**What needs to be done**
Exactly transcribe the span of lines from the one containing "Reliable Bed Bug" through the final line of the entries, inclusive, and nothing outside it. Exclude the pictures.

(Records excerpted from a collection)
—————
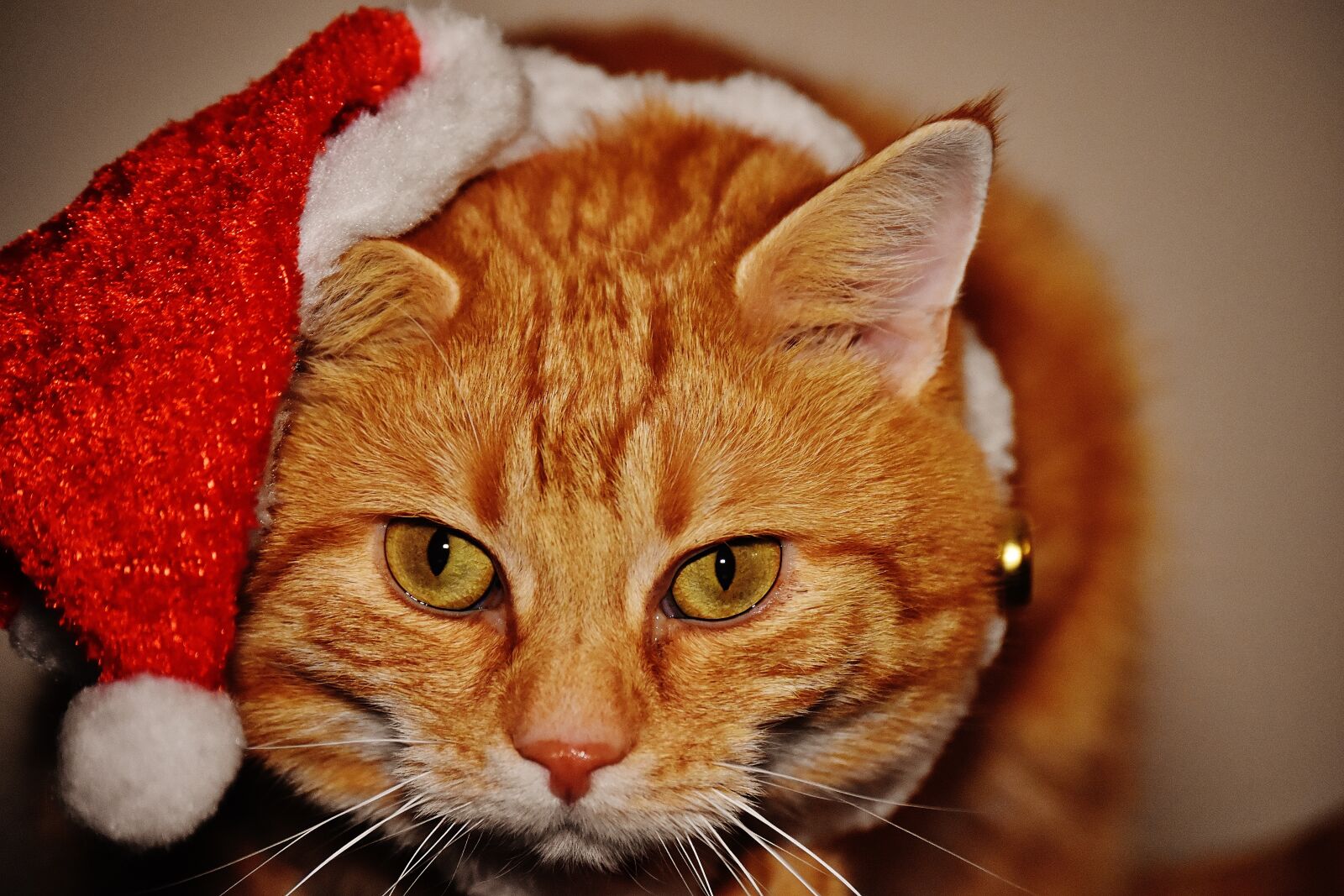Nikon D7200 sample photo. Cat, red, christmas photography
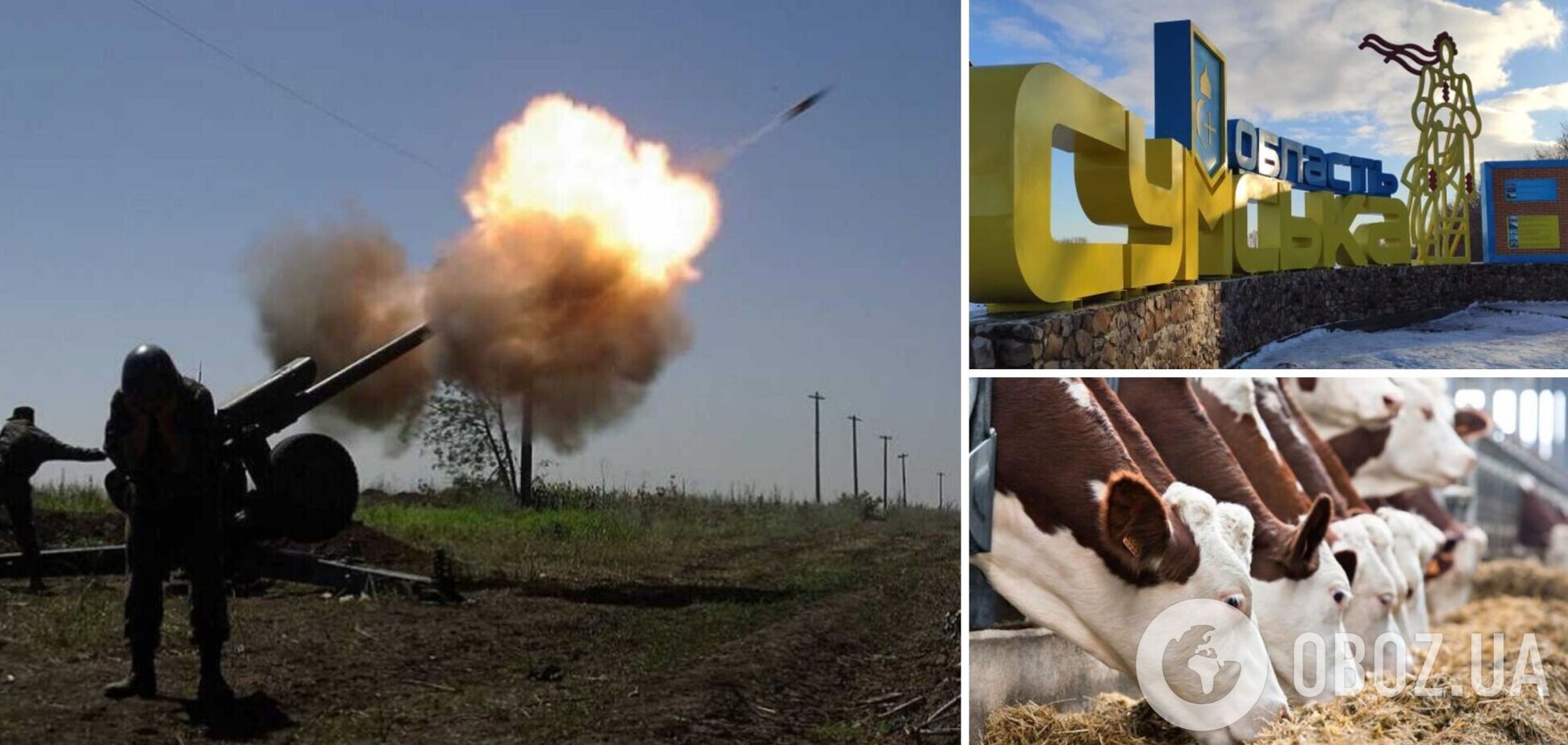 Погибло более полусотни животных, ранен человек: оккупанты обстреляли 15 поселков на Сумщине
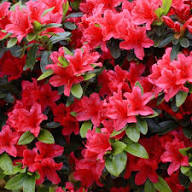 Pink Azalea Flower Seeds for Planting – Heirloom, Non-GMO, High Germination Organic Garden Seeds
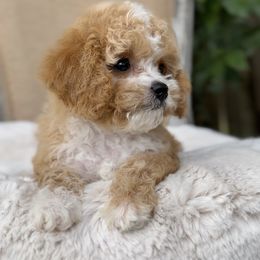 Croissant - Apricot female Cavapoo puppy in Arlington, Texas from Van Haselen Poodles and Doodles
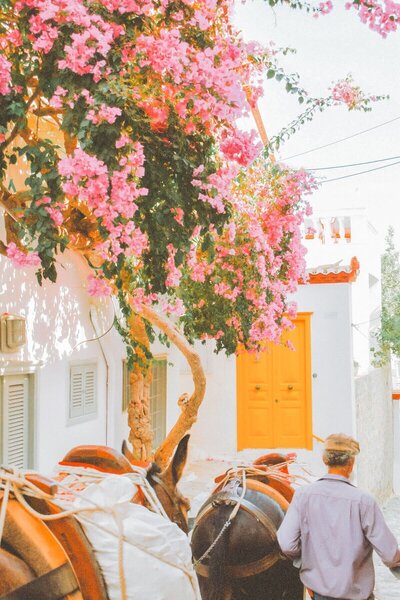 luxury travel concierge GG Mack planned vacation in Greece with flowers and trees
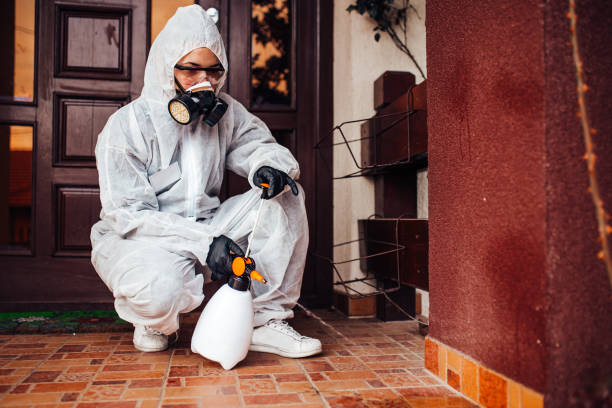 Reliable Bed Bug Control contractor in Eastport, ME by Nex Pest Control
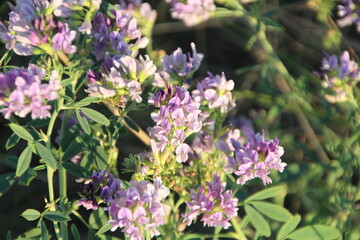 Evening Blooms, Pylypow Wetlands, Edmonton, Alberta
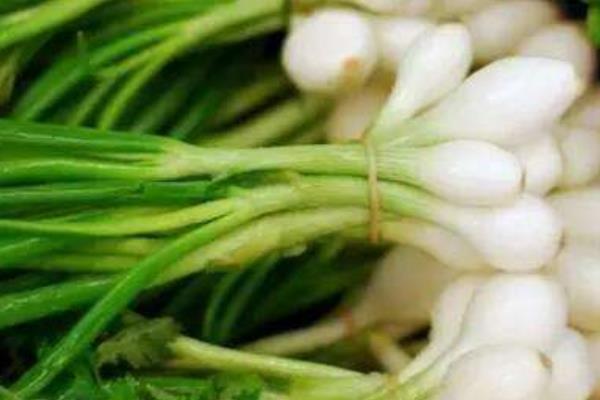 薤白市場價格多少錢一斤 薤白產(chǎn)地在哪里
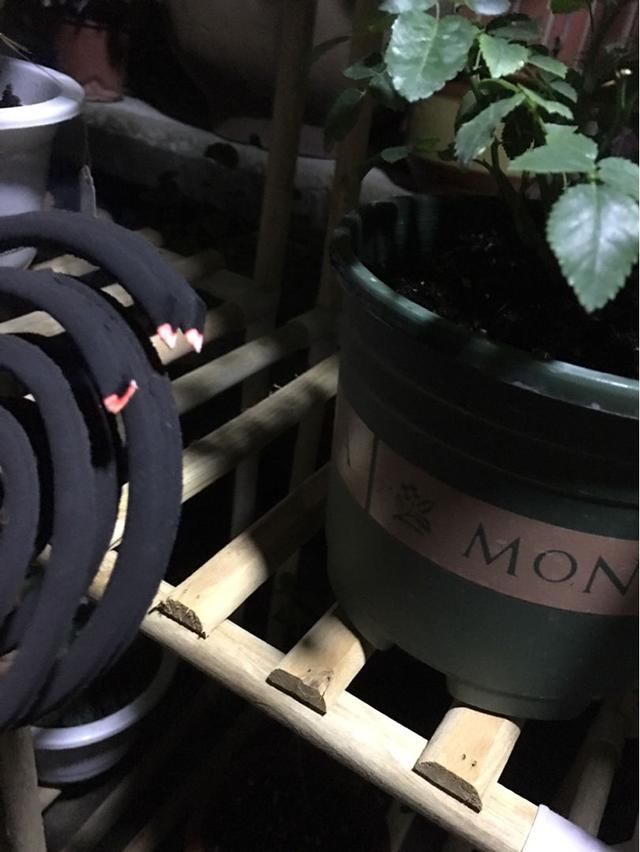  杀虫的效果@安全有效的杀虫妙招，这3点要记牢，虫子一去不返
—————
**Solution**
 Reliable Bed Bug Control contractor in Eastport, ME by Nex Pest Control
 Evening Blooms, Pylypow Wetlands, Edmonton, Alberta
 薤白市場價格多少錢一斤 薤白產(chǎn)地在哪里
  杀虫的效果@安全有效的杀虫妙招，这3点要记牢，虫子一去不返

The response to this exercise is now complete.